When \(i=1\), \(P_{1,0} = I\) and

$$\begin{aligned} a_{1,0}= & {} -\mathrm{tr} (B_0 P_{1,0}) = 0, \\ a_{1,1}= & {} -\mathrm{tr} (B_1 P_{1,0}) = -3, \\ a_{1,2}= & {} -\mathrm{tr} (B_2 P_{1,0}) = 3, \\ a_{1,3}= & {} -\mathrm{tr} (B_3 P_{1,0}) = -1. \end{aligned}$$

When \(i=2\),

$$\begin{aligned} P_{2,0}= & {} B_0 P_{1,0} + a_{1,0} I = \left[ \begin{array}{rrrr} -1 &{} \;1 &{} \;0 &{} \;0 \\ 0 &{} \;1 &{} \;0 &{} \;0 \\ 0 &{} \;0 &{} \;0 &{} \;0 \\ 0 &{} \;0 &{} \;0 &{} \;0 \end{array} \right] \\ P_{2,1}= & {} B_1 P_{1,0} + a_{1,1} I = \left[ \begin{array}{rrrr} 0 &{} -1 &{} 0 &{} 0 \\ 0 &{} -3 &{} 1 &{} 0 \\ 0 &{} 0 &{} -3 &{} 0 \\ 0 &{} 0 &{} 0 &{} -3 \end{array} \right] \\ P_{2,2}= & {} B_2 P_{1,0} + a_{1,2} I = \left[ \begin{array}{rrrr} 0 &{} \;1 &{} \;1 &{} \;1 \\ 0 &{} \;3 &{} \;0 &{} \;1 \\ 0 &{} \;0 &{} \;3 &{} \;0 \\ 0 &{} \;0 &{} \;0 &{} \;3 \end{array} \right] \\ P_{2,3}= & {} B_3 P_{1,0} + a_{1,3} I = \left[ \begin{array}{rrrr} 0 &{} 0 &{} 0 &{} 0 \\ 0 &{} -1 &{} 0 &{} 0 \\ 0 &{} 0 &{} -1 &{} 0 \\ 0 &{} 0 &{} 0 &{} -1 \end{array} \right] \end{aligned}$$

and

$$\begin{aligned} a_{2,0}= & {} -\frac{1}{2}\mathrm{tr}(B_0 P_{2,0}) = -1 \\ a_{2,1}= & {} -\frac{1}{2}\mathrm{tr} (B_1 P_{2,0} + B_0 P_{2,1}) = 3 \\ a_{2,2}= & {} -\frac{1}{2}\mathrm{tr} (B_2 P_{2,0} + B_1 P_{2,1} + B_0 P_{2,2}) = -3 \\ a_{2,3}= & {} -\frac{1}{2}\mathrm{tr} (B_3 P_{2,0} + B_2 P_{2,1} + B_1 P_{2,2} + B_0 P_{2,3}) = 1 \\ a_{2,4}= & {} -\frac{1}{2}\mathrm{tr} (B_3 P_{2,1} + B_2 P_{2,2} + B_1 P_{2,3}) = 0 \\ a_{2,5}= & {} -\frac{1}{2}\mathrm{tr} (B_3 P_{2,2} + B_2 P_{2,3}) = 0 \\ a_{2,6}= & {} -\frac{1}{2}\mathrm{tr} (B_3 P_{2,3}) = 0 \end{aligned}$$

Finally, we obtain

$$ {A(x)}_d = -\frac{1}{(x-1)^3} \left[ \begin{array}{cccc} -(x-1)^2 &{} (x-1)^2 &{} x^2 (x-1) &{} x^2(x^2 - x + 1) \\ 0 &{} -(x-1)^3 &{} -x(x-1)^3 &{} -x^2(x-1)^3 \\ 0 &{} 0 &{} 0 &{} 0 \\ 0 &{} 0 &{} 0 &{} 0 \end{array} \right] , $$

for \(x \ne 1\).

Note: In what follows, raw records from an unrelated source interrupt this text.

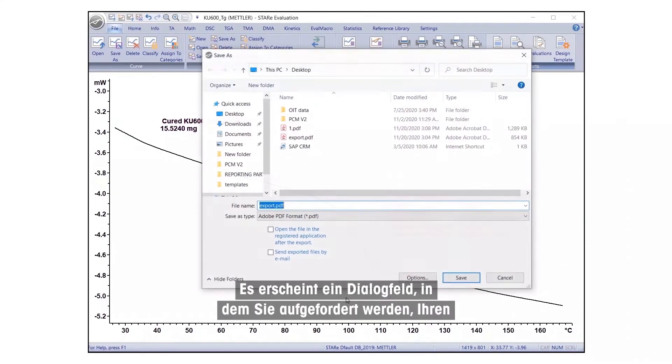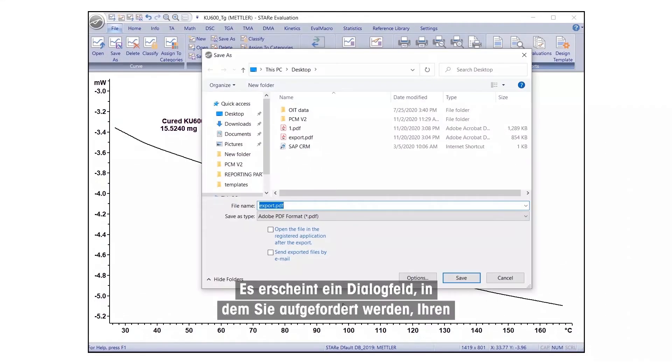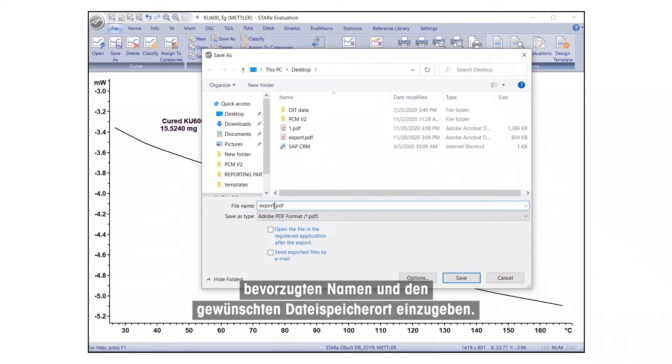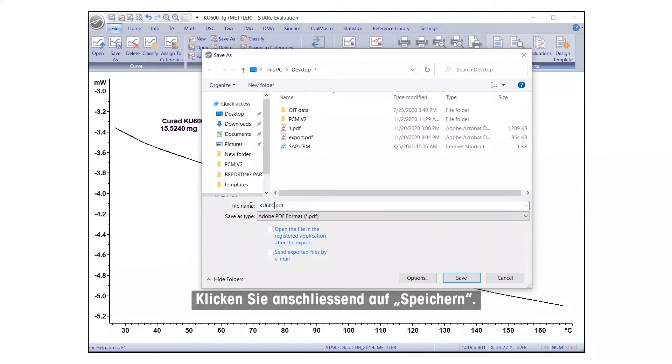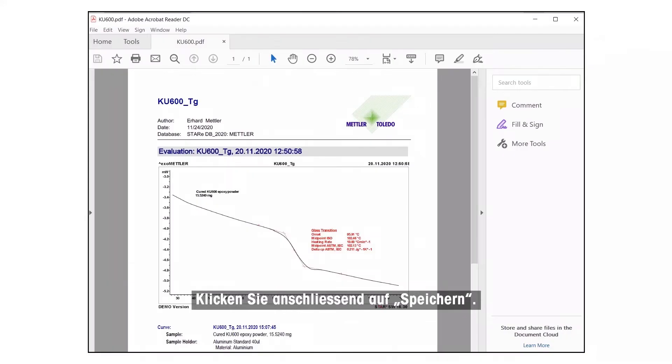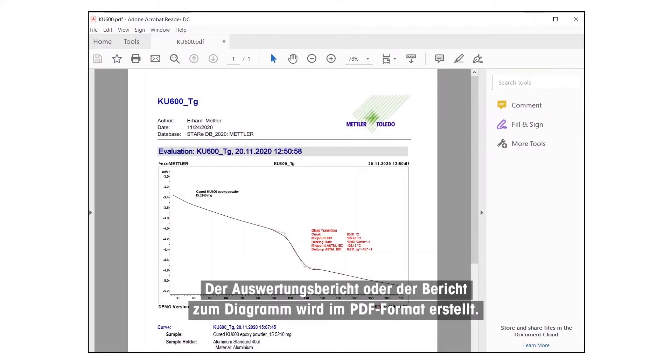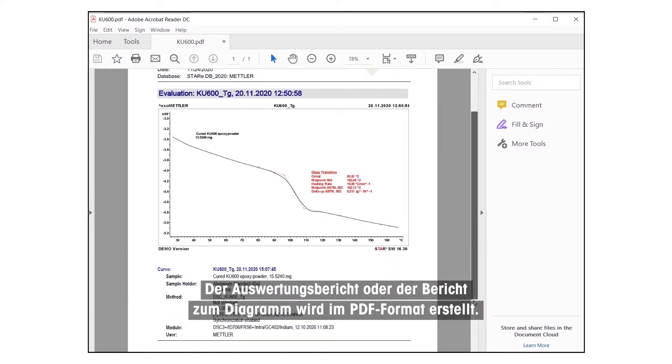A dialog box will appear, prompting you to insert your preferred name and location where the file should be saved. Once done, click Save. The report of the evaluation or plot will be generated in PDF format.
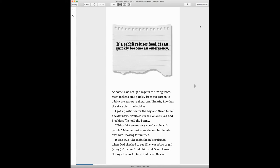If a rabbit refuses food, it can quickly become an emergency. At home, Dad set up a cage in the living room. Mom picked up some parsley from our garden to add to the carrot pellets and Timothy hay that the store clerk had sold us.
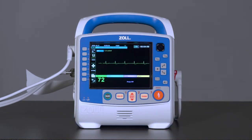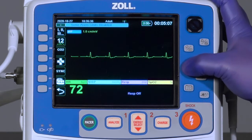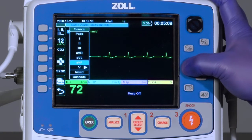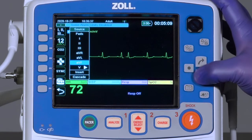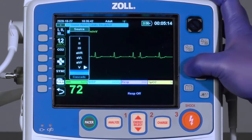Multiple ECG lead views, as well as other available waveforms, can be added to the screen. Highlight the lead label, such as lead 2, and press the select button. Scroll down towards the bottom of the drop-down menu, select insert, and press the select button.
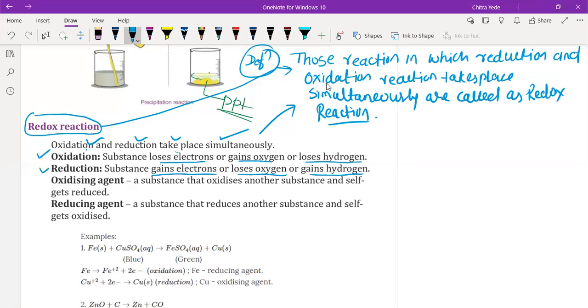Now, if we take the example of oxidizing and reducing agents — those chemical species — let's understand with the help of one example.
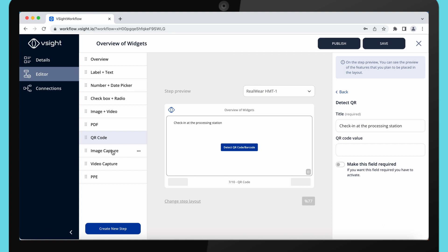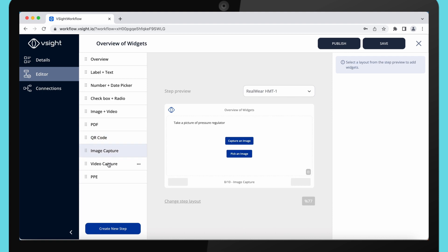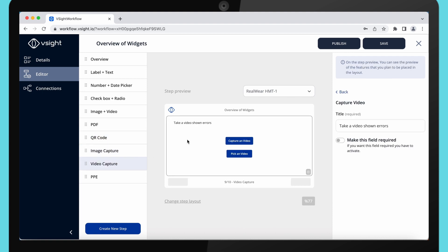Going further, we have image and video capture. Capture image or video widgets will allow your users to take pictures and videos which you, as an admin, will be able to see in the final report. Users can either use their camera directly or select an item from a gallery.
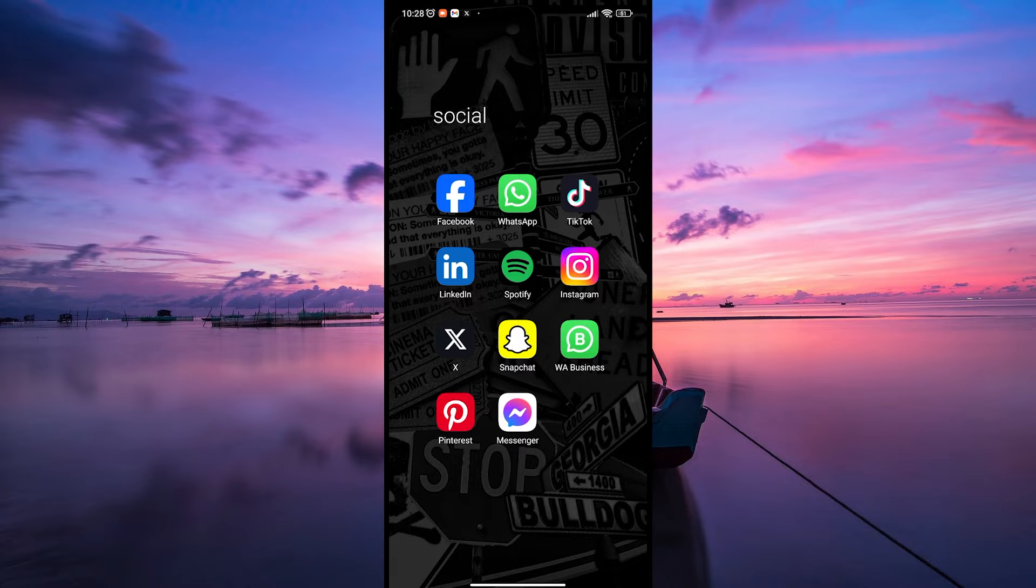Before we start, make sure your X application is up to date. You can update the X app in your Play Store if you are an Android user, and App Store if you use an iPhone.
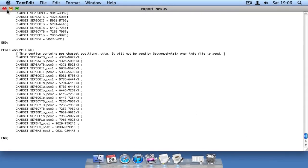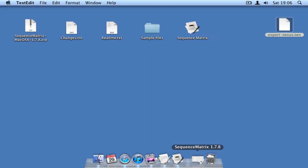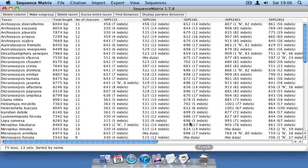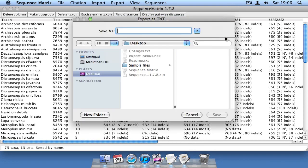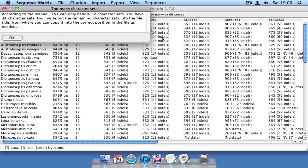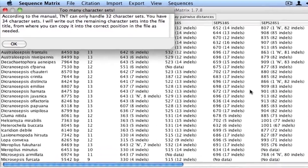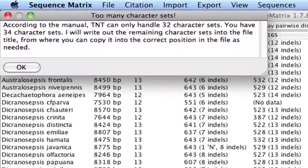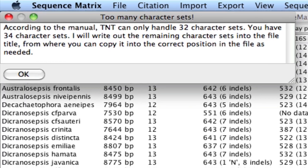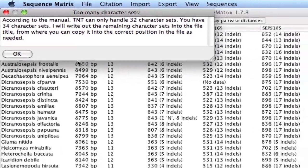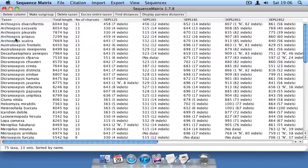Let's go back to Sequence Matrix and re-export these same data as a TNT file for parsimony analyses. TNT will only let you import up to 32 character sets. We've got 34, but Sequence Matrix will still allow you to export that many.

The case when \(x=1\) can be dealt with as a special case. \(\square \)

Remarks

An algorithm for computing the Moore-Penrose inverse of a polynomial matrix with two variables is presented in [4]. In [7], Karampetakis and Tzekis improved Algorithm 10.2.1 for the case when there are big gaps between the powers of x, for example, \(A(x) = A_0 x^{80} + A_{79} x + A_{80}\). The above algorithms can be generalized to rational matrices by using the least common denominator of \(P_i (x)\) [6].